V. Conclusion and Limitations

Our main answer is nuanced. Targeted auxiliary evidence can help egocentric video QA, but not as a universal add-on to the native video input. Under our resource-bounded setup, the best augment tool improves only slightly over the native-video baseline (33.7% vs. 32.3%), so simply appending selected frames is not enough to produce a large overall gain. The stronger signal is conditional: different question types benefit from different evidence tools, especially for cues such as scale readings, ingredient labels, object motion, and temporal localization.

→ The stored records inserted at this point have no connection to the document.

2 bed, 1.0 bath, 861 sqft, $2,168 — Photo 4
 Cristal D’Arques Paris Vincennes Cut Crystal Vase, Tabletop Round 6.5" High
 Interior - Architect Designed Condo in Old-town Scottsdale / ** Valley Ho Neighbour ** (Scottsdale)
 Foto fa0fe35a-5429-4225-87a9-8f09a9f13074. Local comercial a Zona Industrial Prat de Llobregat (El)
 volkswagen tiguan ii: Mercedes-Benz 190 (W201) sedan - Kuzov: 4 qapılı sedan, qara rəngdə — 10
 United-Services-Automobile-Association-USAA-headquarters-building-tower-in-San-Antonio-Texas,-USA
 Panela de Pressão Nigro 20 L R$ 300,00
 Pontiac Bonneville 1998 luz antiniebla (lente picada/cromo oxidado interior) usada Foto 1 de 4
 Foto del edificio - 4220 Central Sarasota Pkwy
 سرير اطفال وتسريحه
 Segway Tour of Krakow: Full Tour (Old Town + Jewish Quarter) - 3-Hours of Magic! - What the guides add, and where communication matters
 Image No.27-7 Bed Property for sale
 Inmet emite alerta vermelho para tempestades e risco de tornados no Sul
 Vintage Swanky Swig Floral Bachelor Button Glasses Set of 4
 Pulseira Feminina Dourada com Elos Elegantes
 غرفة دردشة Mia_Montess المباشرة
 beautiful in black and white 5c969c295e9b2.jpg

This leads to two conclusions about routing. First, augment and replace modes are nearly tied on best-tool accuracy on the 719-question fair intersection (+1.1 pp), but replace mode preserves a much larger routing opportunity on that matched subset (+17.4 pp oracle gap vs. +6.1 pp), making it the better setting for studying tool choice. Second, routing is useful only when it captures real question-type structure: on the full 1,035-question replace-mode routing set, a hand-crafted rule-based router is the only method that beats the best fixed tool (+3.9 pp LOOCV; +4.4 pp on helpful-category 80/20), while learned text, visual, and combined classifiers all fall below their matched single-tool baselines. The remaining +16 pp within-category oracle gap shows that the main unsolved challenge is per-question routing, which likely requires stronger visual or model-confidence signals beyond cheap first-order descriptors.

Limitations & Future Work

Sample size

Small per-category samples (as few as n=31) mean results lack statistical confidence for some categories.

Future work: Evaluating on the full HD-EPIC set (all clip lengths) would increase per-category n and yield more reliable category-level comparisons.

Within-category routing

The +16 pp within-category oracle gap is unsolved. Cheap visual features are insufficient; routing at the question level requires stronger signals.

Future work: Model confidence scores, VLM attention maps, or fine-grained embeddings (e.g. CLIP ViT-L/14) could provide the per-question discriminability that first-order descriptors lack.

Single domain

All experiments are conducted on long HD-EPIC kitchen videos. A short/medium-video check showed a smaller routing gap (+6.6 pp vs. +19.9 pp), so our conclusions are strongest for long-video QA.

Future work: Repeating the study on Ego4D or EPIC-Kitchens would test whether the between-category gap and tool rankings hold across different activity domains and clip lengths.

Cheap tools

Evidence tools use lightweight models (CLIP ViT-B/32, GroundingDINO-tiny, EasyOCR). Stronger backbones could change the relative tool ranking and routing conclusions.

Future work: Replacing CLIP ViT-B/32 with ViT-L/14 or using a larger OCR model (e.g. PaddleOCR) would test whether tool quality is the binding constraint.